Ma torniamo a noi – il divieto della carne coltivata, per l’appunto. La notizia è naturalmente stata accolta con grande entusiasmo dal ministro dell’Agricoltura Francesco Lollobrigida, valoroso paladino della sovranità alimentare, che nel corso degli ultimi mesi ha portato con coraggio – e torbide dichiarazioni – il vessillo dell’opposizione. La messa al bando è, stando alle parole di Lollobrigida, un provvedimento “che ci pone all’avanguardia nel mondo”.
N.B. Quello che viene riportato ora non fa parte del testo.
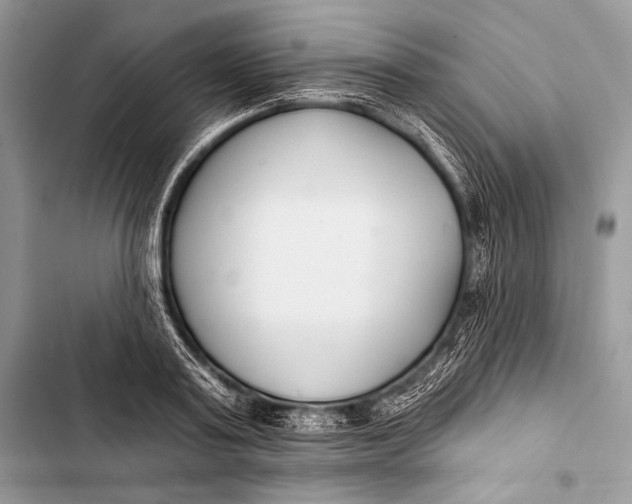 X0000103490795200810031604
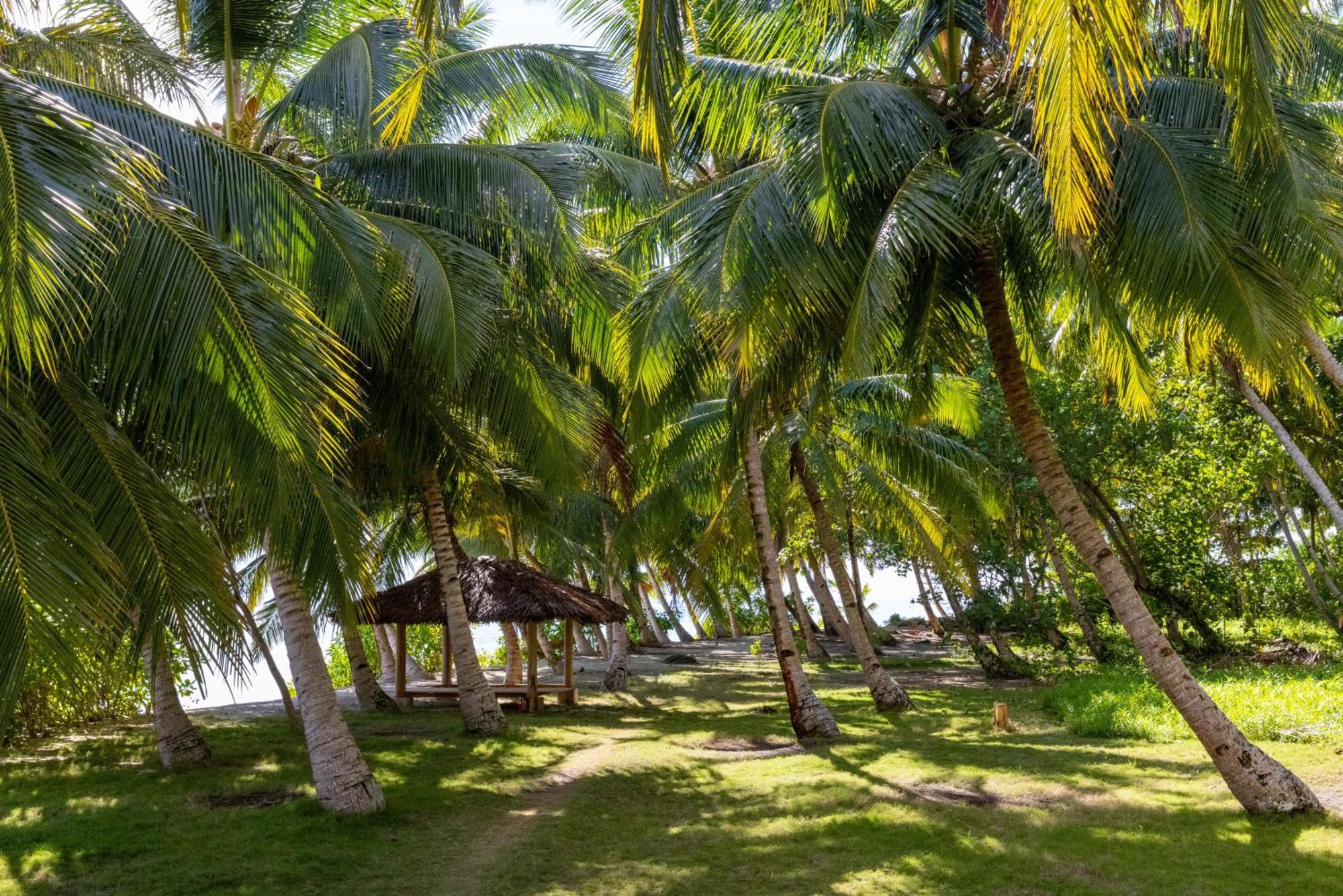 Aloita Resort Mentawai Tua Pejat Экстерьер фото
Evidentemente se si sta a testa in giù il sotto diventa il sopra, il ritardatario diventa il primo della classe, il rinunciare a una filiera come la carne coltivata è segno di avanguardia. “Siamo il primo Paese a vietare la commercializzazione, importazione e produzione di cibo sintetico” si legge poi su un post social dello stesso Lollobrigida. È tutto vero – il primo e l’unico. Nessuno, al momento, ci tiene compagnia sulla banchina ferroviaria mentre osserviamo il treno allontanarsi.
E il treno, sia chiaro, esiste. Dall’altra parte dell’Oceano Atlantico è già realtà, e prima o poi lo sarà anche nel Vecchio Continente. Wolfgang Gelbmann, senior scientific officer dell’EFSA, l’autorità europea per la sicurezza alimentare, non ha dubbi a riguardo: la carne coltivata “prima o poi entrerà anche nel mercato alimentare dell’Ue”.